Oleh Daqoiqul Misbah
A.
Tarekat Syattariyah
v Pendiri Tarekat Syattariyah dan masa hidupnya
Nama
Tarekat Syattariyah sering dihubungkan dengan seorang ulama yang mempopulerkan
tarekat ini di India, yakni Syâh Abd Allâh al-Syattârî (w. 890 H/1485 M).
v Penyebar di Nusantara dan masa hidupnya
Penyebar
Tarekat Syattariyah di Nusantara adalah Abdurrauf al-Singkili (1024 – 1105 H/
1615 – 1693 M), yang bisa jadi merupakan satu-satunya ulama yang paling
otoritatif dalam menyebarkan tarekat ini di wilayah Melayu-Indonesia yang jelas
telah menunjukkan posisinya sebagai ulama mumpuni yan dapat mensejajarkan
dirinya dengan para ulama besar dari belahan dunia lain. Demikianlah, sejauh
menyangkut peyebaran ajaran neo-sufisme melalui Tarekat Syattariyah di wilayah
Melayu-Indonesia ini, as-Singkili merupakan figur utama, karena hampir semua
silsilah Tarekat Syattariyah bermuara kepada dirinya.
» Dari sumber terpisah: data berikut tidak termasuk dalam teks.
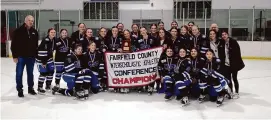  ?? Michael Fornabaio/Hearst Connecticu­t Media ?? Darien won the FCIAC girls hockey championsh­ip over New Canaan at Darien Ice House on Saturday.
v Daerah yang banyak pengikutnya
Sejak
mulai berkembangnya pada abad XVII hingga kini, Tarekat Syattariyah telah
tersebar ke berbagai pelosok di Sumatera Barat, mulai dari daerah Padang
Pariaman dan Tanah Datar, menyusul kemudian daerah Agam, Solok, Sawah Lunto
Sijunjung, Pasaman hingga Pesisir Selatan. Dengan demikian, Tarekat Syattariyah
di Sumatera Barat telah memulai penyebarannya melalui jalur daerah pantai
pesisir sampai ke darek atau luhak nan tigo, yaitu Luhak Tanah
Datar, Luhak Agam, dan Luhak Lima Puluh Kota.
v Pokok-pokok ajaran
Dalam
kitab al-Simt al-Majid al-Qusyasyi berisi aturan dan tata tertib menjadi
anggota tarekat, serta juga berisi tuntunan tentang cara zikirnya. Menurutnya,
gerbang pertama bagi seseorang untuk masuk ke dunia tarekat adalah Baiat dan
Talqin. Di antara tata cara talqin adalah calon murid terlebih dahulu menginap
di tempat tertentu yang ditunjuk oleh syaikhnya selama tiga malam dalam keadaan
suci (berwudhu).
Setiap
malamnya harus melakukan sholat sunnat sebanyak enam rakaat, dengan tiga kali
salam. Pada rakaat pertama dari dua rakaat pertama, setelah surah al-Fatihah,
membaca surah al-Qadr enam kali. Kemudian pada rakaat kedua, setelah membaca
surah al-Fatihah, membaca surah al-Qadr dua kali. Pahala shalat tersebut
dihadiahkan kepada Nabi Saw, seraya berharap mendapat pertolongan dari Allah
Swt. Selanjutnya, pada rakaat pertama dari dua rakaat kedua, setelah surat
al-Fatihah membaca surah al-Kafirun lima kali, dan pada rakaat kedua setelah membaca
surah al-Fatihah membaca al-Kafirun tiga kali dan pahalanya dihadiahkan untuk
arwah para nabi, keluarga, sahabat serta para pengikutnya.
Terakhir,
pada rakaat pertama dari dua rakaat ketiga, setelah surah al-Fatihah membaca
surah al-Ikhlas empat kali dan pada rakaat kedua, setelah al-Fatihah membaca
surah al-Ikhlas dua kali. Kali ini pahalanya dihadiahkan untuk arwah guru-guru.
B.
Tarekat Sammaniyah
v Pendiri Tarekat Sammaniyah dan masa hidupnya
Tarekat
Sammaniyah didirikan oleh Muhammad ibn Abd al-Karîm al-Quraysyî al-Madanî
al-Syafi’î, yang lebih dikenal dengan al-Sammân. Ia lahir pada tahun 1130
H/1718 M, di Madinah dari keluarga Quraisy.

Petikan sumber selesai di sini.